Just another Damasko one










Stowa Seatime in London


----------



## Apollo83

stuffler said:


> Just another Damasko one


I love the angles and the background on this one Mike.
But I'm a little worried why two Damasko's are so far out of sync. ;-)


----------



## ufbot

My Steinhart OVM finally arrived, so I took these today. Hope they're up to par!


----------



## Anatoly

I'll contribute...


----------



## The Guvnah

Nokie said:


> Nice.


Even nicer if Apollo had taken it on the 6th of the month. ;-)


----------



## rhst1

Nice use of selective focus


----------



## nimbushopper

OK, I'll play! Here's some of mine.


----------



## teeritz

I used to sell watches, so I got pretty sick of seeing wrists day in, day out. Which is why I tend to stage my watch shots. Plus the fact that I have 6.5 inch wrists.
Here are a few from my reviews.
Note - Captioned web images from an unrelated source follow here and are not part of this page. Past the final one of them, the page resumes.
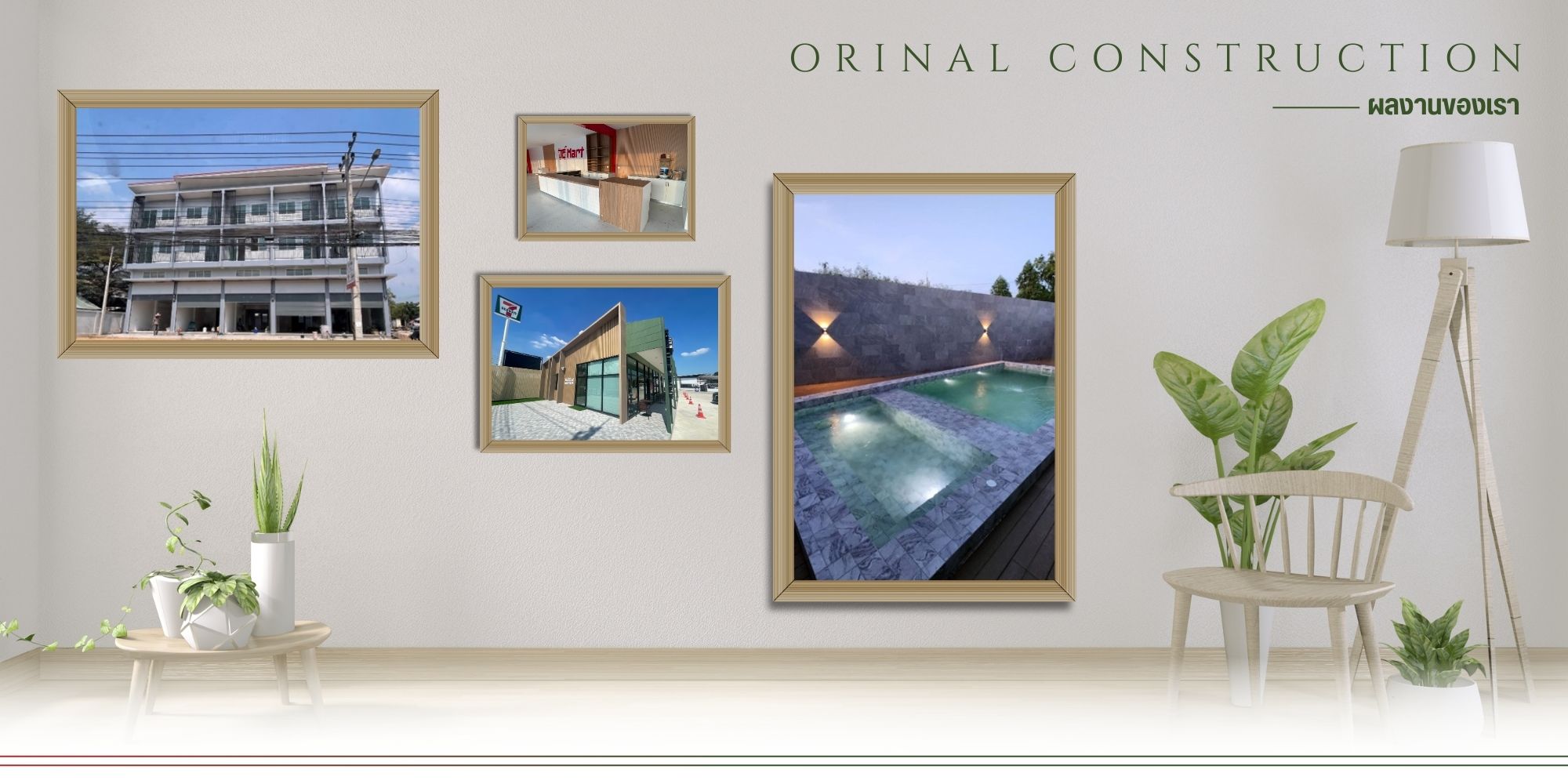 บริษัทรับสร้างบ้านครบวงจร ปทุมธานี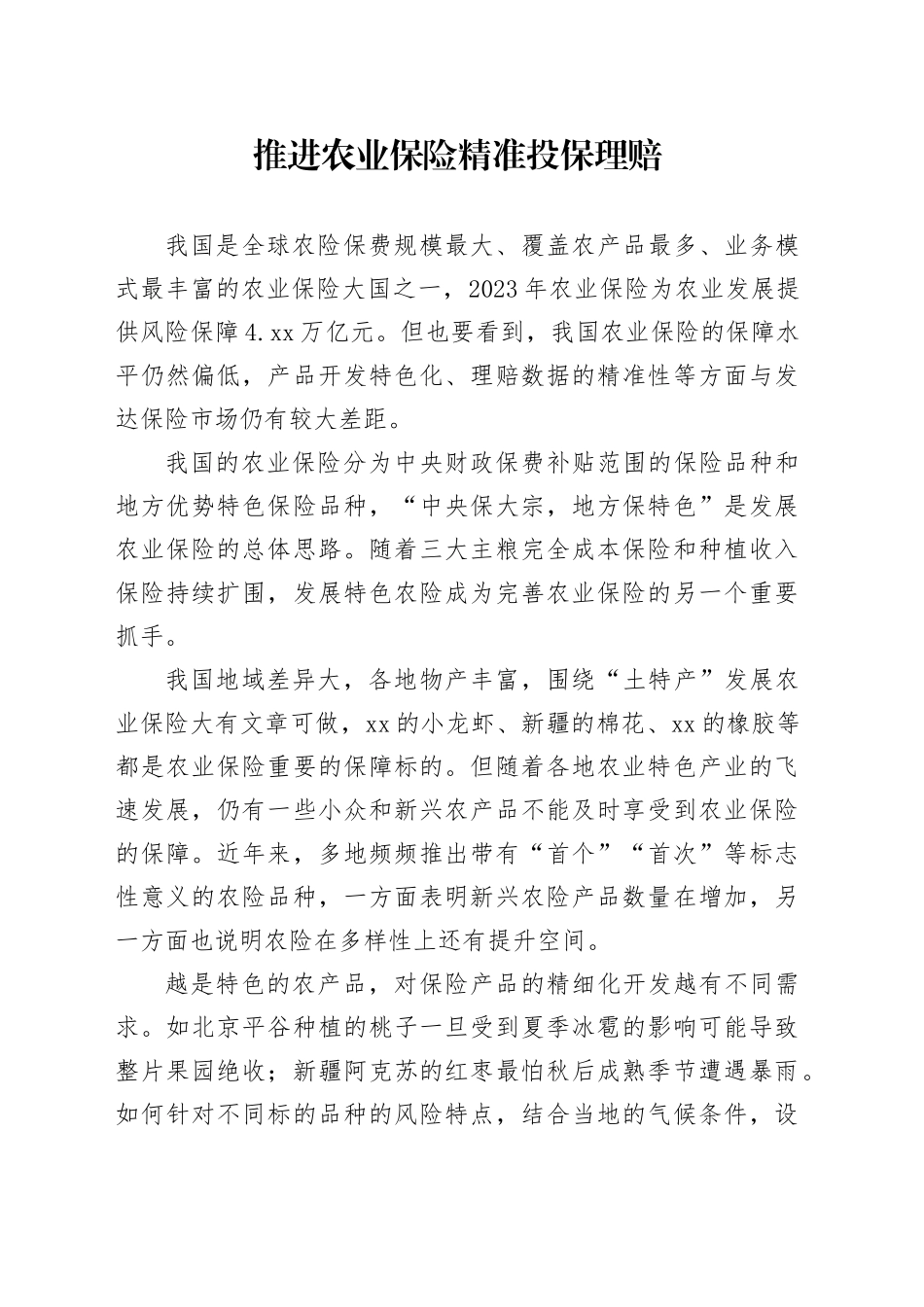 推进农业保险精准投保理赔_第1页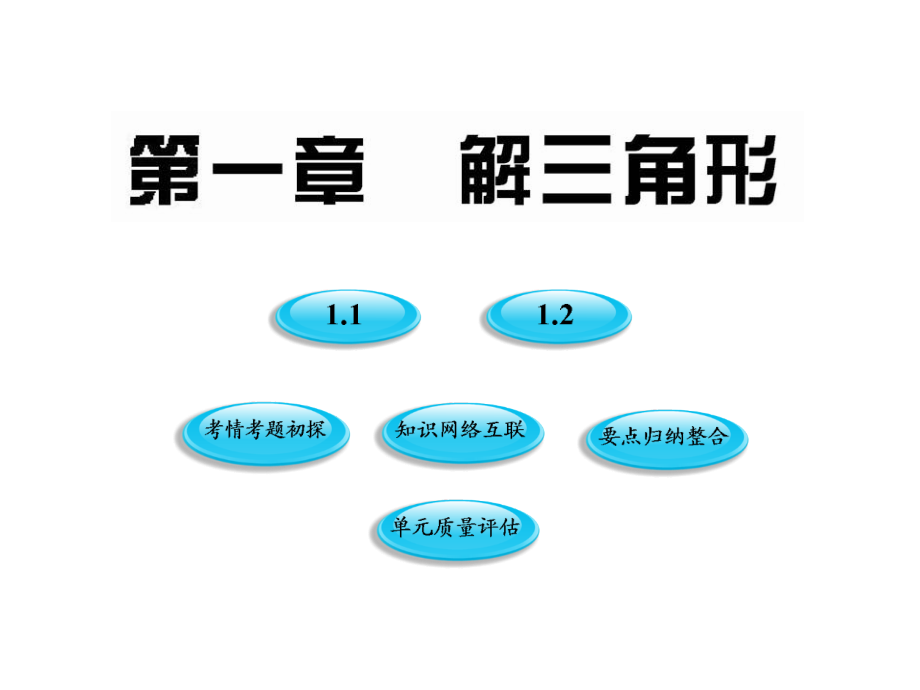 高二数学(第一章 解三角形)课件.ppt_第1页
Apologies for the quality. I'm no master photographer and I don't have Photoshop;




























And some random shots;





































Cheers, all.


----------



## unsub073

nimbushopper said:


> OK, I'll play! Here's some of mine.


Sinn and Yuengling in the same picture. It really doesn't get much better than that.


----------



## Ric Capucho

Celadon Imperial (taken yesterday 'cos I wanted to play with Frau Capucho's new Leica C. But F/2.0 isn't fast enough to get a really hot depth of field going) 









Ca. 1969 Stowa Landeron 248 (great setup, about all I can get out of my iPhone 4S, and I get a lot of admiring comments. But I over processed the depth of field... then deleted the flat original. Daft sod. Shall set it all up again sometime, and see how it can be improved)









Ca. 1961-2 Strela 3017 (used a piece of paper as a makeshift diffuser for the direct sunlight. Over-diffused, basically, so it looks a bit overcast)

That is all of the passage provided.